__WHAT THIS TASK INVOLVES__: Would you please repeat exactly the entries below, starting at the line with "Stock image for" and ending at the line with "Thumbnail: Monsteras &", and nothing outside that range? Leave out the pictures.

__EXERCISE MATERIAL__:
▼▼▼

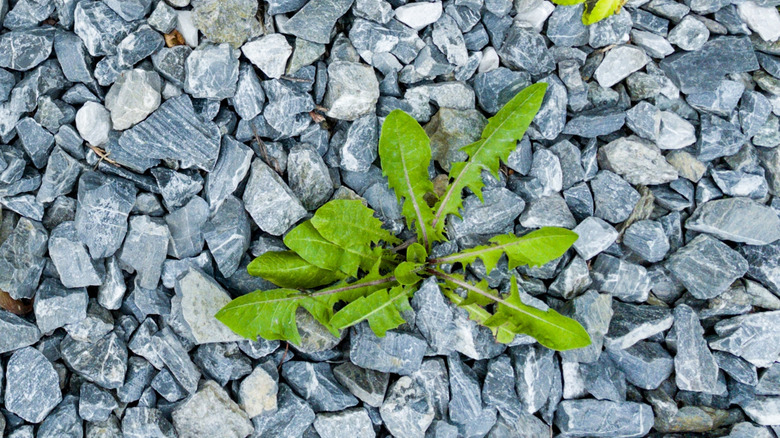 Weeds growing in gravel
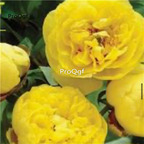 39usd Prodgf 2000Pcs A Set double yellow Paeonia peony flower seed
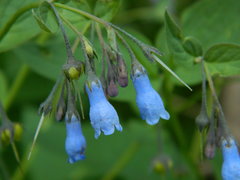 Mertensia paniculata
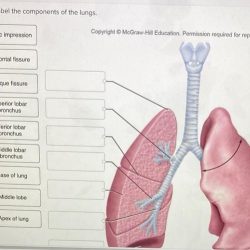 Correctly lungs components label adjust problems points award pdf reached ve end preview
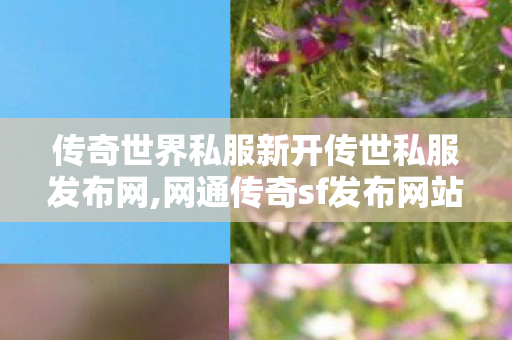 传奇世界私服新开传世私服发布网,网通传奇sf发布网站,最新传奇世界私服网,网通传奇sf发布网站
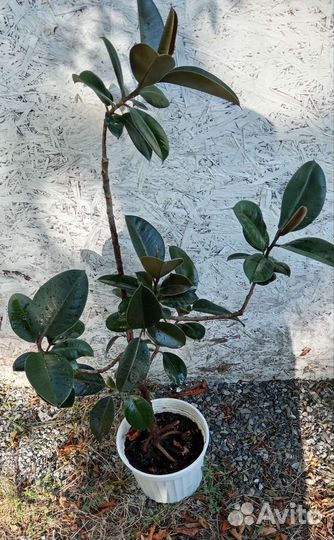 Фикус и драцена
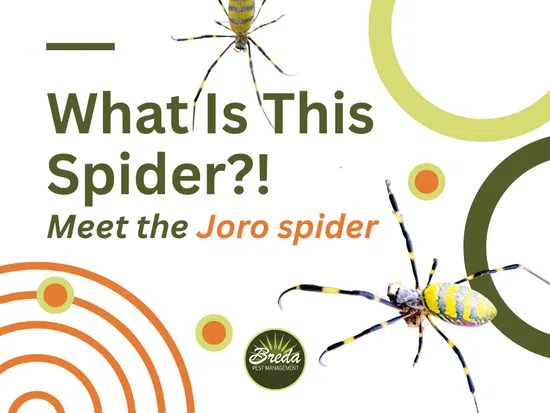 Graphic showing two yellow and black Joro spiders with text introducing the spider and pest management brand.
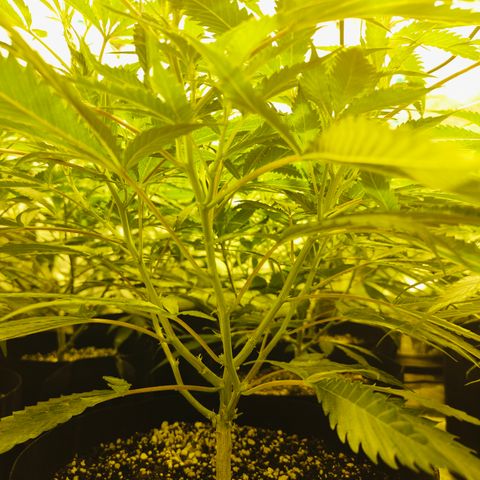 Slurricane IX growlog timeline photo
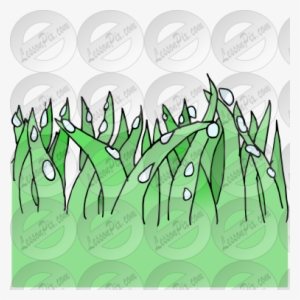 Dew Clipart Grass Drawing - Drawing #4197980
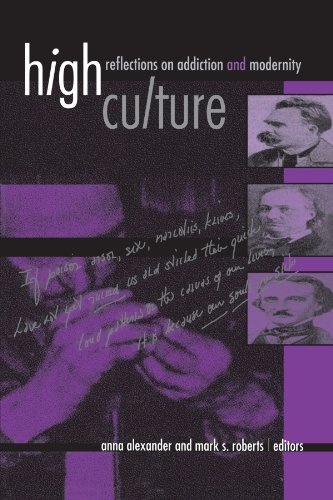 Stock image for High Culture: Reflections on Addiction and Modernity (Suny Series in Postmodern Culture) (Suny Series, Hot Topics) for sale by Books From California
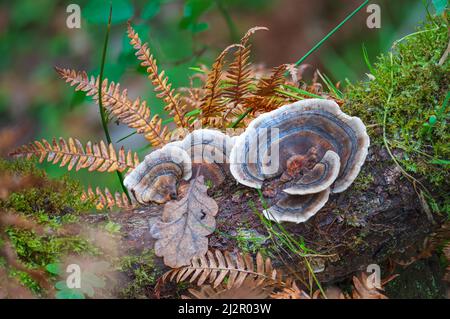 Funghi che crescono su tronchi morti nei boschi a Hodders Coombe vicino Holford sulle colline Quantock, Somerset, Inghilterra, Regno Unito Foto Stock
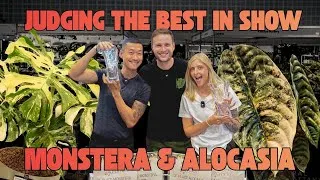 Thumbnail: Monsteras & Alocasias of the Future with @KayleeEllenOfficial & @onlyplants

▲▲▲
▼▼▼

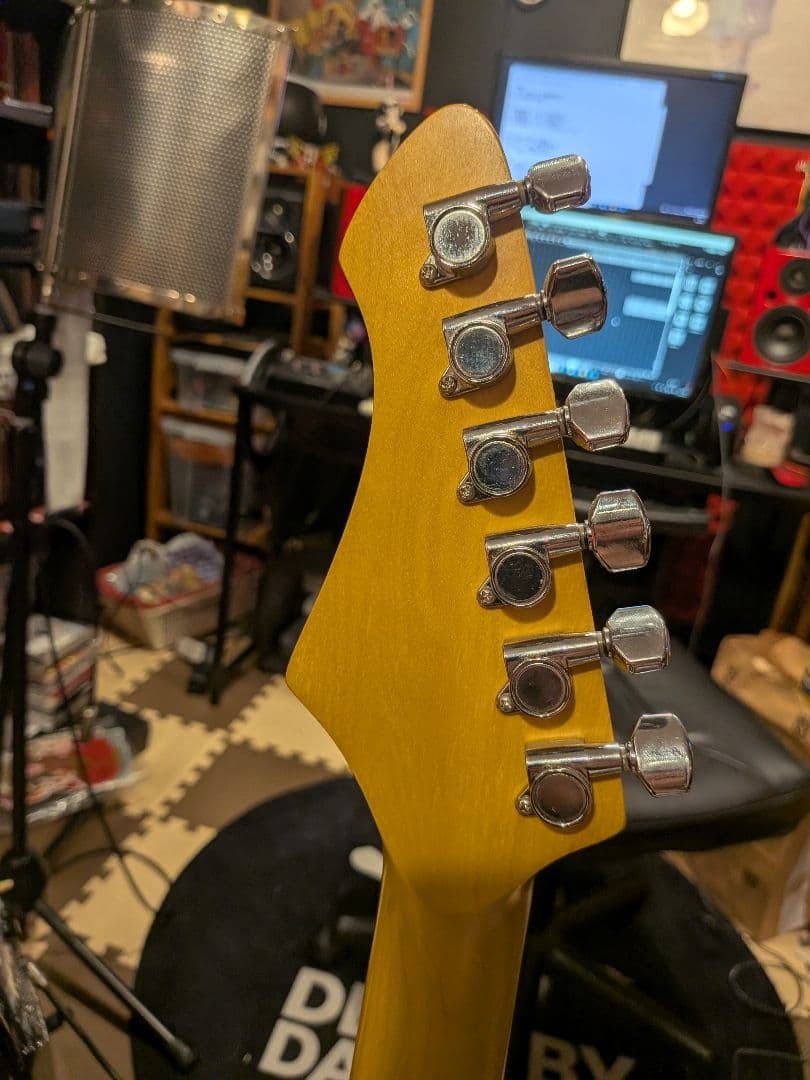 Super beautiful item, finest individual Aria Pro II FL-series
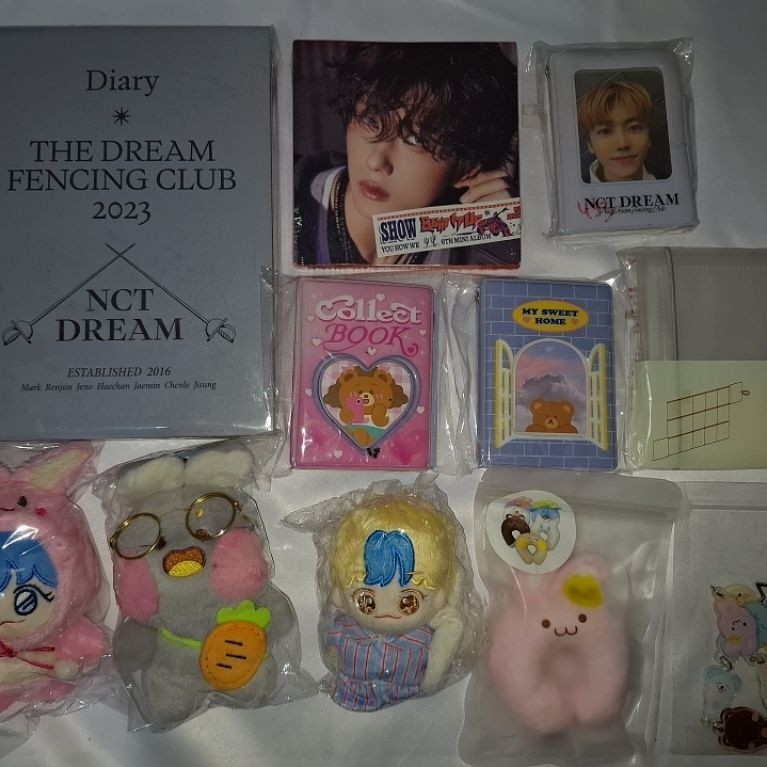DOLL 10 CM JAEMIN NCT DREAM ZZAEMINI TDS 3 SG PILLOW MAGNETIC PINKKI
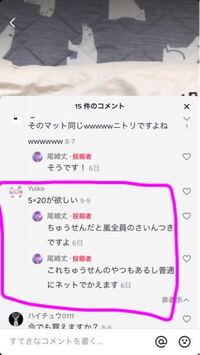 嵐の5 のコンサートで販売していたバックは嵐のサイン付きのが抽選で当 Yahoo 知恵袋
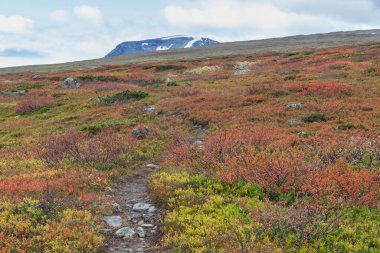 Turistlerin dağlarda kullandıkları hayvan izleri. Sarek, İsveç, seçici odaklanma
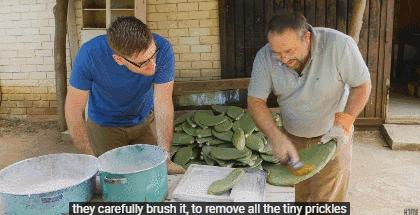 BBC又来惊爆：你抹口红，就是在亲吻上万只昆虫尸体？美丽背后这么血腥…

▲▲▲
▼▼▼

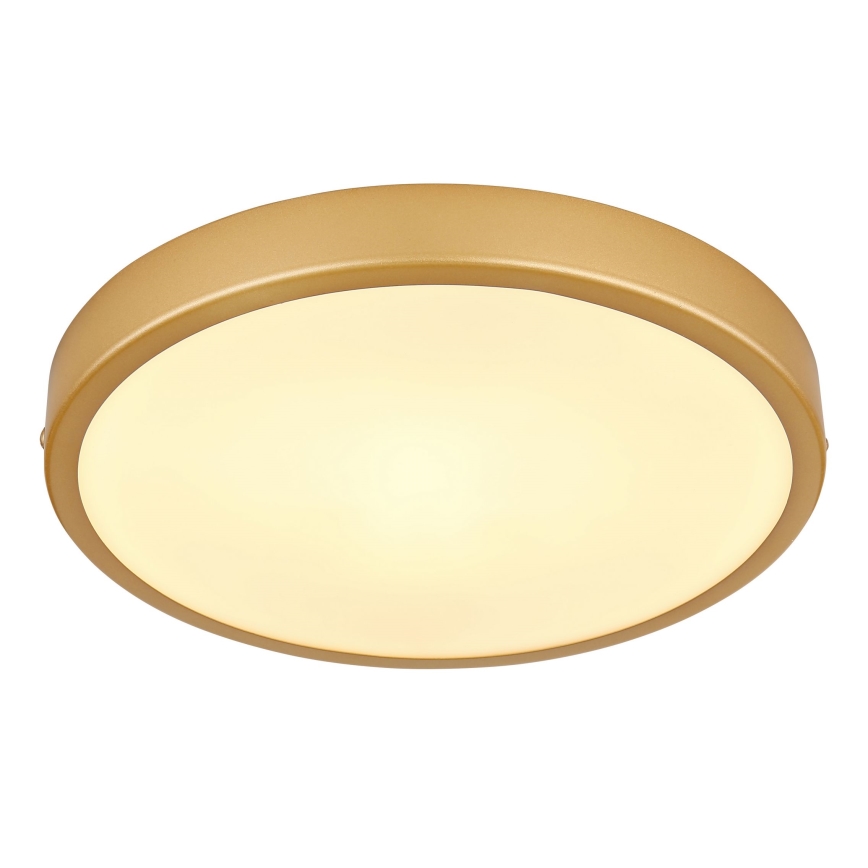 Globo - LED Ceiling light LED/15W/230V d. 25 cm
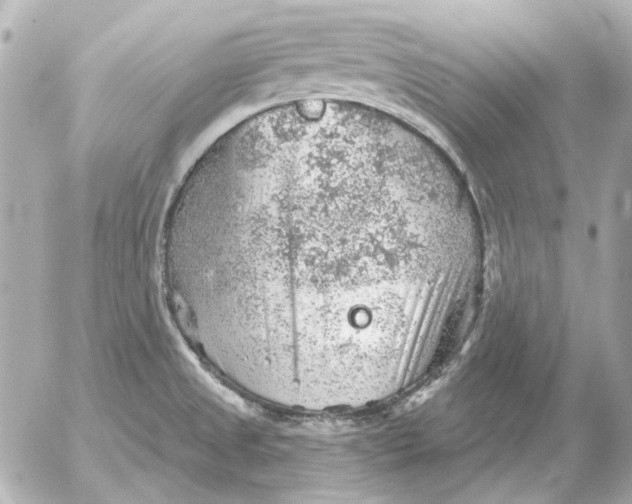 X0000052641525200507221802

▲▲▲

__WRITTEN ANSWER__:
 Stock image for High Culture: Reflections on Addiction and Modernity (Suny Series in Postmodern Culture) (Suny Series, Hot Topics) for sale by Books From California
 Funghi che crescono su tronchi morti nei boschi a Hodders Coombe vicino Holford sulle colline Quantock, Somerset, Inghilterra, Regno Unito Foto Stock
 Thumbnail: Monsteras & Alocasias of the Future with @KayleeEllenOfficial & @onlyplants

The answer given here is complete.